I was part of an experimental neuroimaging group that tested Pachyderm OSS years ago and at the time we were really impressed with the versioning capabilities it provided. For us at the time it made it easy for each researcher to grab and change data as needed for their own development without requiring support from eng.
How well does that work when you datasets are a sizeable percentage of available storage capacity, though? Is there some sort of deduplication at work?
Pachyderm does a ton of data deduplication, both for input data that's added to pachyderm repos as well as for output files.
Pachyderm's pipelines are also smart enough to know what data has changed and what hasn't and only process the incremental data "diffs" as needed. If your pipeline is just one giant reduce or training job that's can't be broken up at all, then this isn't valuable, but most workloads include lots of Map steps where only processing diffs can be incredibly powerful
Pachyderm does it. It's like half of what pachyderm does, manage the versioned data, and schedule workers to run your containered processes against them.
FYI, it's ridiculously easy to get going playing with Pachyderm if you just want to check it out. You can run it on Minikube.
I have a “data science pipeline” coordinated with a Makefile and run on CI/CD (GitLab) with reports generated as build artifacts. Big stuff checked in with Git LFS.
Pachyderm pipelines can be run in a massively distributed fashion with data being sharded across many workers. Pachyderm also offers much better failure semantics than Make + CI. For example, if one shard of data of your pipeline fails such as a node or container dies, Pachyderm will automatically make sure that the data get rescheduled to another worker.
Each pipeline can have separate resource requirements (e.g. GPUs, lots of memory, etc) and gets scheduled by Kubernetes.
Finally, Pachyderm is versioning all of the intermediate steps in your data pipeline so if a downstream step fails, you don't have to restart from scratch, you can pick up right where it left off.
Congrats on your round!

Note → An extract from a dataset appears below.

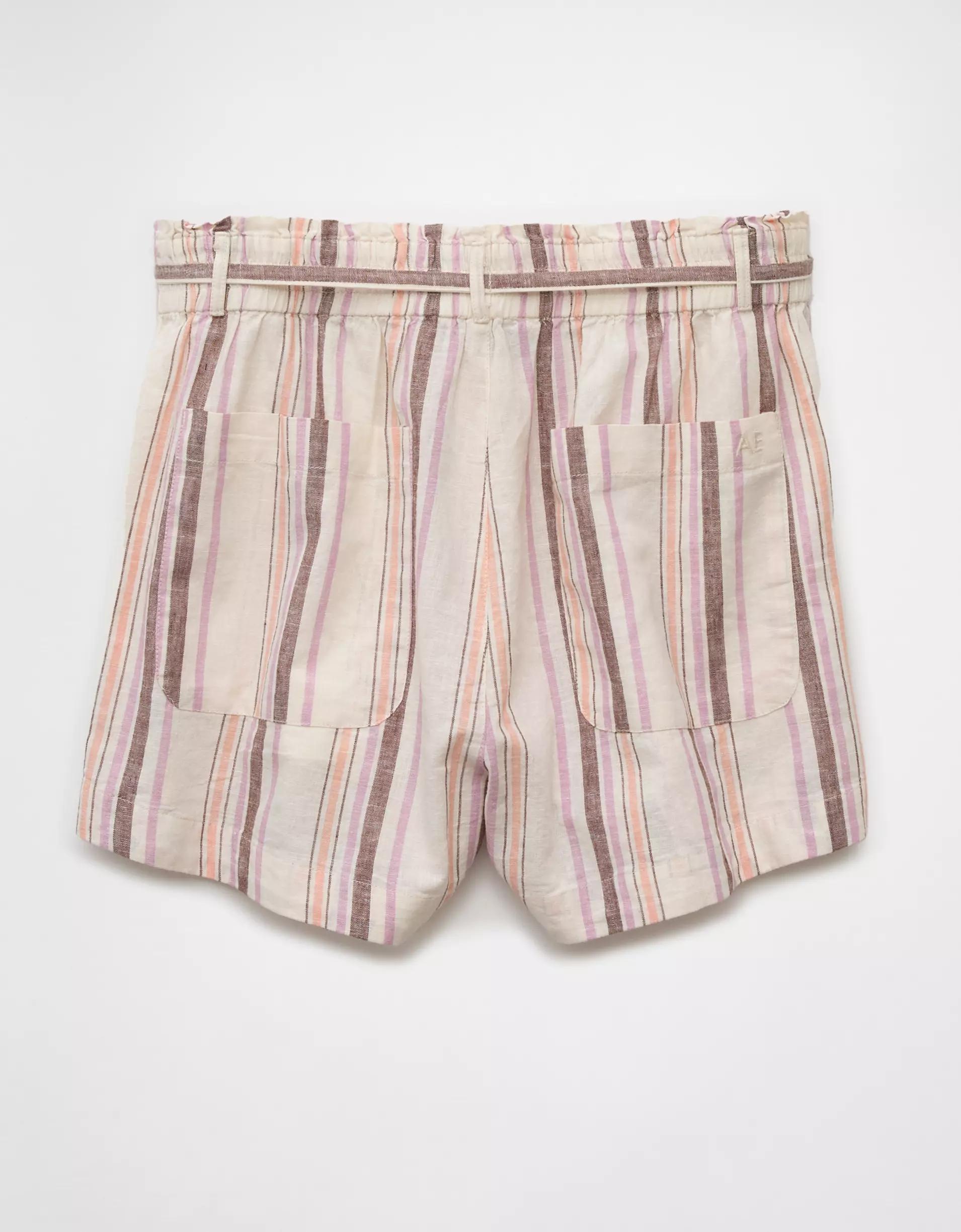 AE Sunchaser Knit High-Waisted Linen-Blend Striped Short Product Image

FWIW, (me being in a space adjacent to yours) I see these kinds of comments all the time about the "my 1 off pipeline seems good enough".

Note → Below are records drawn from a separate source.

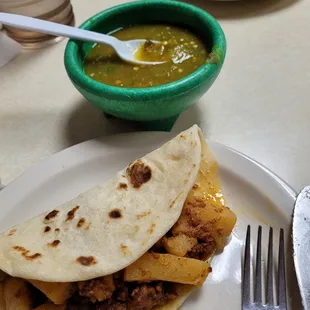 Chorizo and potato breakfast taco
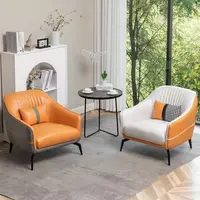 Scandinavian light luxury single sofa chair living room home bedroom leisure chair designer fabric sofa lazy small household 6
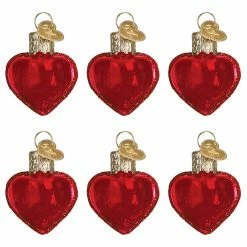 New 😀 Traditions Red Glitter Hearts Ornaments Set.6 ✨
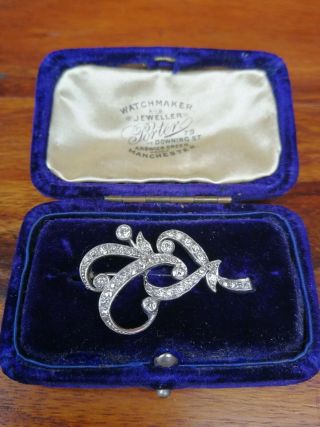 Antique Art Deco Platinum And Diamond Brooch 5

Most people don't need "industrial strength" till you hit a certain scale. They tend to optimize for ease of use/simplicity. It's one thing if you don't have to change their workflow, it's another if you have to not only have people change their workflow but also teach something new.
Convenience matters more. There's a pain threshold of "new tool" vs "this costs me x amount of time".
How are you guys overcoming this? Even though we're also in the infra space, I've never seen you guys out in the wild. Where would I bump in to you and what is the scale I would want to add the complexity of k8s + pachyderm + whatever other deps you guys have over just using an S3 bucket?
Another question: Why hasn't AWS just packaged this up and offered it as an extension of their k8s service? How are you guys going to overcome that?
Usually I see "hybrid cloud" or "on prem" as the response.
If it is on prem, are you guys relying on the presence of k8s at customers? Do you guys use something like gravitational?
Thanks for the response. I forgot to mention that the Make/CI jobs are run on a Slurm HPC cluster (actually multiple since the CI file uses runners running in multiple Slurm clusters for different resources). Make ensures we don’t redo stuff unless needed.
Point taken about restarts, but I usually want to see why a thing fails before retrying.
It seems like Pachyderm mainly offers better granularity, especially for the data management.
I think it'd be overkill if what you have is working for you. At least, replacing what you have may not be worth it.
For me, there's various properties I like about pachyderm (though they're missing some key workflows I'd like). Looking at some output data, I can see exactly what versions of everything was run against what data, and the data is all version controlled. This should also allow experimentation by individual people and easier approval of updates. I work with multiple teams with many components, where each one may impact others - being able to look at some final result that's weird and go back to figure out what's going on is hard. Tools like pachyderm help with that.
for a job where that workflow is sufficient, you probably shouldn't.
But if you need an always-on, always-ready pipeline that can scale horizontally on an as-needed basis, and perhaps mixes many different modules/languages, than Pachyderm might be a good fit.
Well you can use https://github.com/argoproj/argo for workflow needs without need to version everything. For data versioning if you need, you can use https://dvc.org/ As this gives me freedom to choose as if I want data versioning and/or workflow rather than one bug bundle.
Hi, Pachyderm CEO here.
We have been discussing this comment internally for the last 15 minutes and still don't understand it. But we really enjoy it. Would you mind explaining a bit more what you are saying?